Delegasi musim panas ini bukan yang pertama. Pada November 2025, rombongan publik-swasta Jepang sudah lebih dulu mengunjungi tambang feldspar aktif milik Lumina Greenland, melibatkan METI, JOGMEC, serta perusahaan besar Mitsui, Marubeni, Mitsubishi, dan Sumitomo. Kesimpulan yang dibawa pulang: tambang itu punya potensi bisnis yang layak meski beroperasi di tengah dingin ekstrem.
Tomkazu Shimori, General Manager JOGMEC kantor London, yang ikut dalam rombongan November, menyebut kunjungan itu membuka banyak hal.
"Kami mendapat pemahaman yang jauh lebih dalam soal penambangan dan pemrosesan mekanis di Greenland. Kami juga mendapat apresiasi baru atas tantangan pengiriman di musim dingin dan persoalan infrastruktur listrik," ujarnya. "JOGMEC akan segera mempertimbangkan langkah selanjutnya untuk memperkuat hubungan dengan Greenland," tambah Shimori.
Kunjungan musim panas ini lebih serius skalanya. Para ahli dijadwalkan berkonsultasi dengan pemerintah otonom Greenland dan menginspeksi tambang-tambang yang sedang bersiap untuk penambangan tanah jarang, dengan fokus mempelajari cadangan, biaya produksi, dan kelayakan investasi perusahaan-perusahaan Jepang.
China menyumbang sekitar 80% impor tanah jarang Jepang.
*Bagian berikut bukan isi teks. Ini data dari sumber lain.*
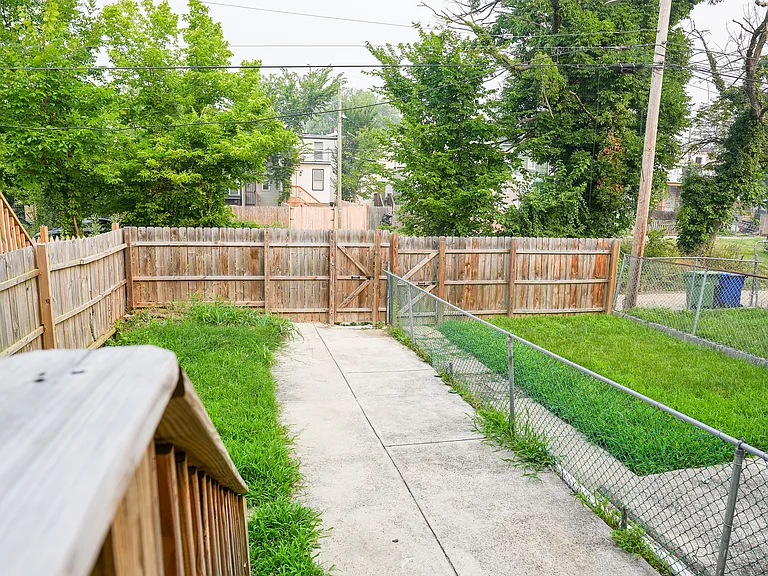 3714 Beehler Ave — Photo 17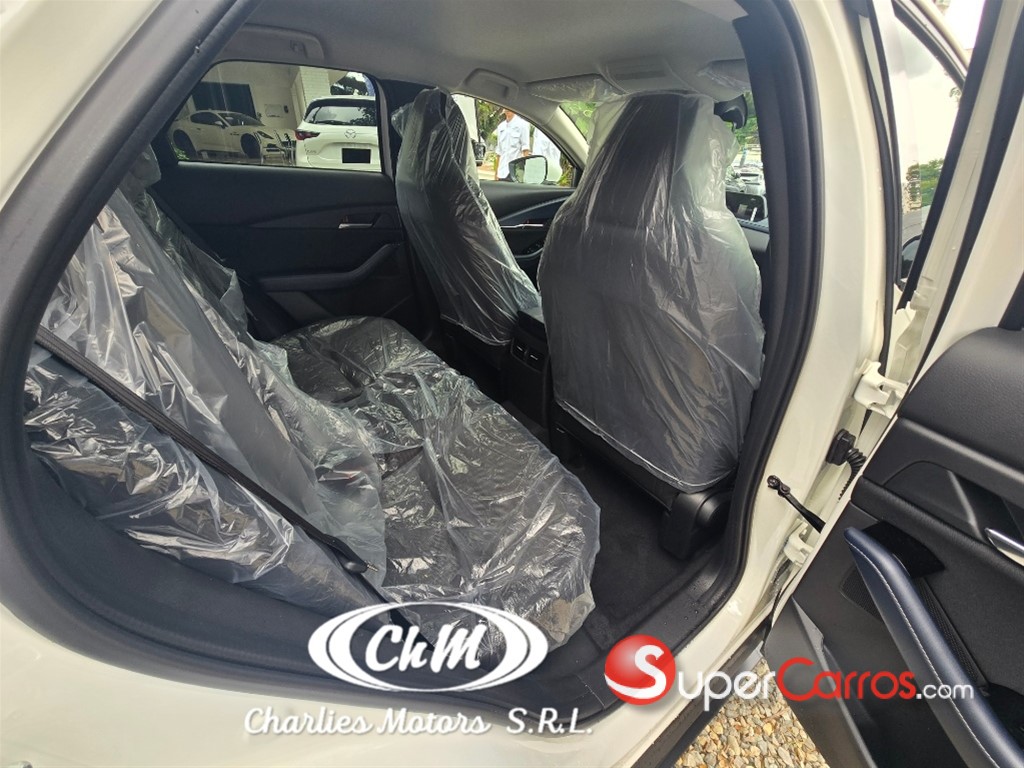 2027 Mazda CX-30 GS — foto 7 / 10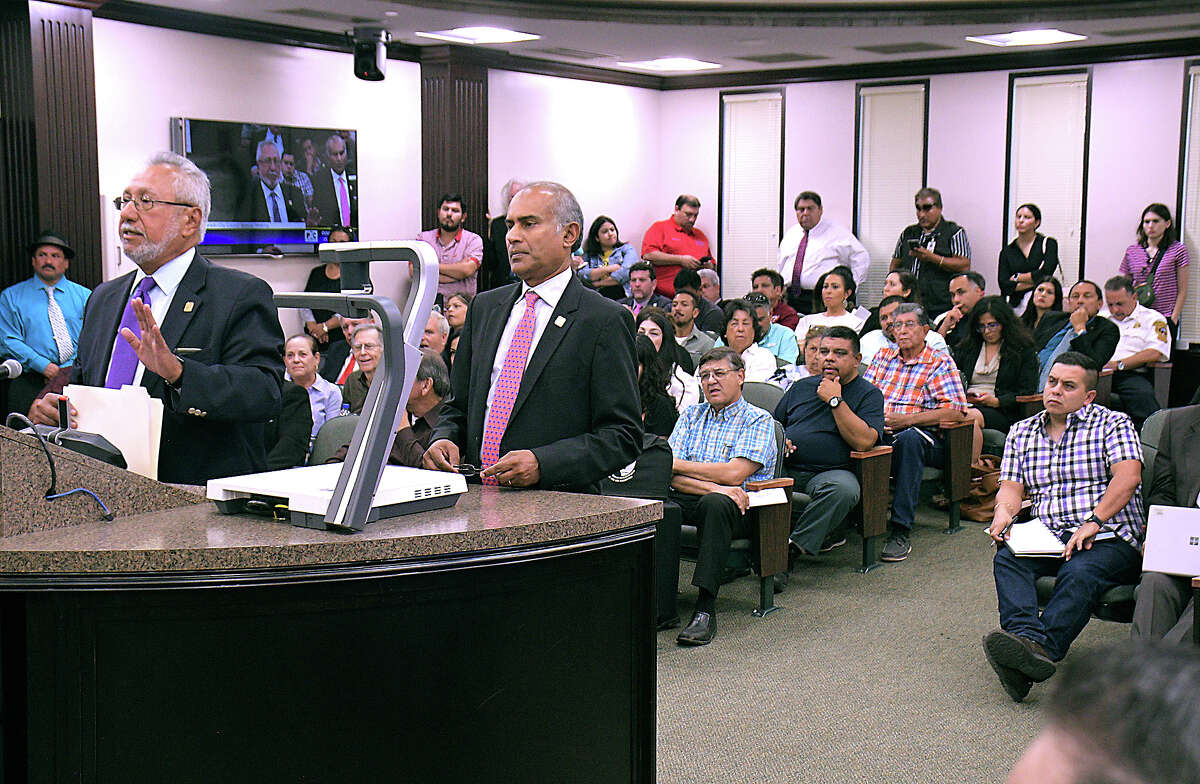 City of Laredo Health Department Director Dr.Hector F. Gonzalez andÂ  Utilities Director Riazul I. Mia spoke at a special meeting at city council chambers, Wednesday, October 2, 2019, detailing the Boil Water notice that happened throughout the city this weekend and continues in areas south and east of the city.
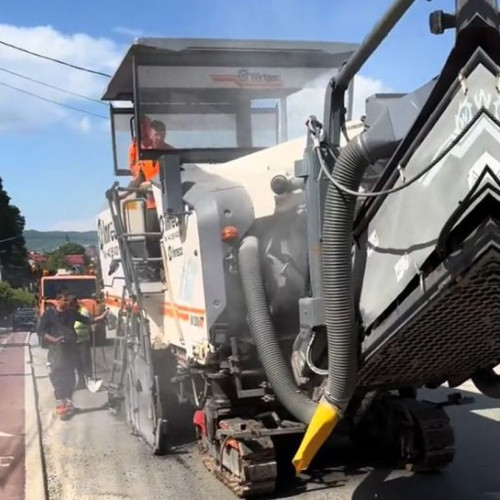 Lucrări de reparații în curs pe strada Ghinzii din Bistrița, până la finalul lunii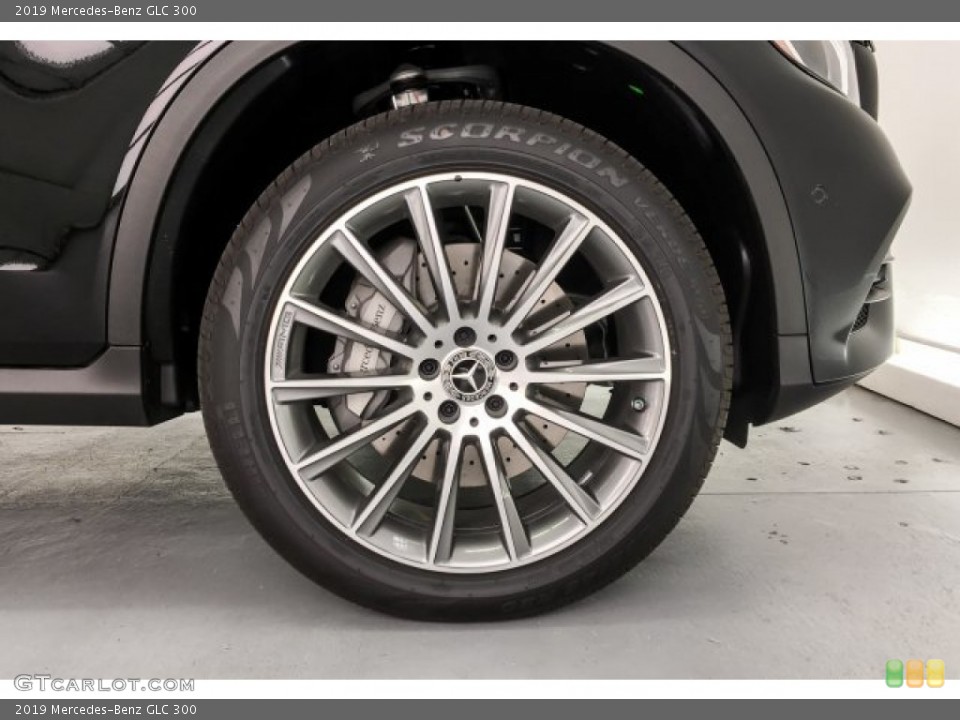 2019 Mercedes-Benz GLC Wheels and Tires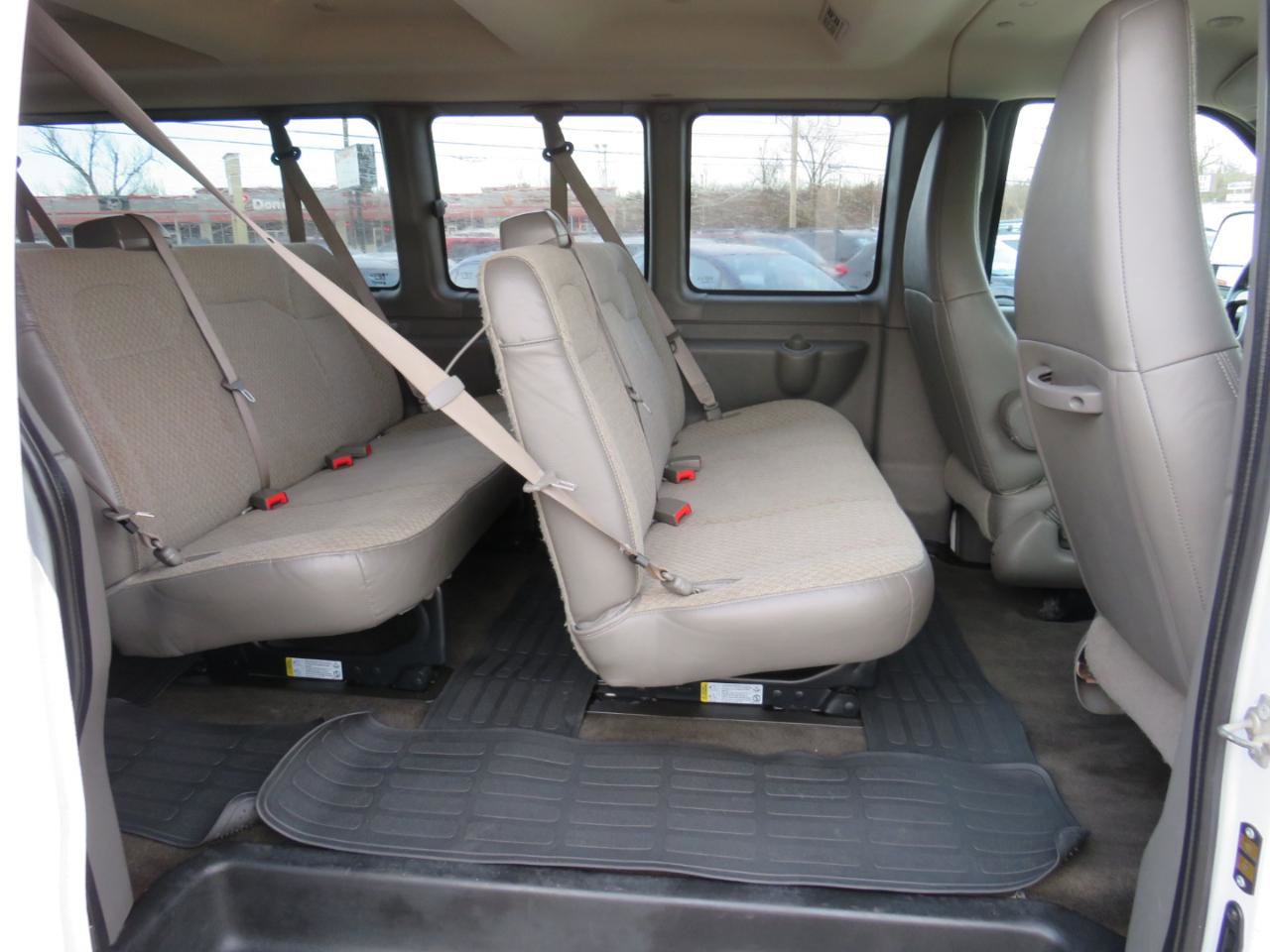 Used 2018 Chevrolet Express 3500 LT w/ LT Preferred Equipment Group RWD image 12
Pasokan dysprosium dan terbium, dua unsur krusial untuk motor kendaraan listrik dan turbin angin, nyaris terputus. Seorang pejabat pemerintah Jepang di Kedutaan Besar AS memperingatkan dampaknya bisa jauh lebih luas. "Jika Jepang tidak dapat mengimpor unsur tanah jarang yang diperlukan untuk produksi magnet, hal itu pada akhirnya akan berdampak pada semua perusahaan hilir dalam rantai pasok global," katanya kepada Platts, bagian dari S&P Global Energy.
Greenland menjadi sasaran yang masuk akal. US Geological Survey memperkirakan cadangan tanah jarang pulau itu mencapai 1,5 juta ton, menempatkannya di peringkat kedelapan dunia dan sebagian besar belum tersentuh.
Perhatian terhadap Greenland juga memanas dari arah lain. Gedung Putih pada Januari lalu menyebut Presiden Amerika Serikat Donald Trump mempertimbangkan berbagai opsi untuk memperoleh pulau tersebut, wacana yang sempat memantik kekhawatiran di kalangan sekutu NATO di Eropa sebelum beralih ke jalur diplomatik.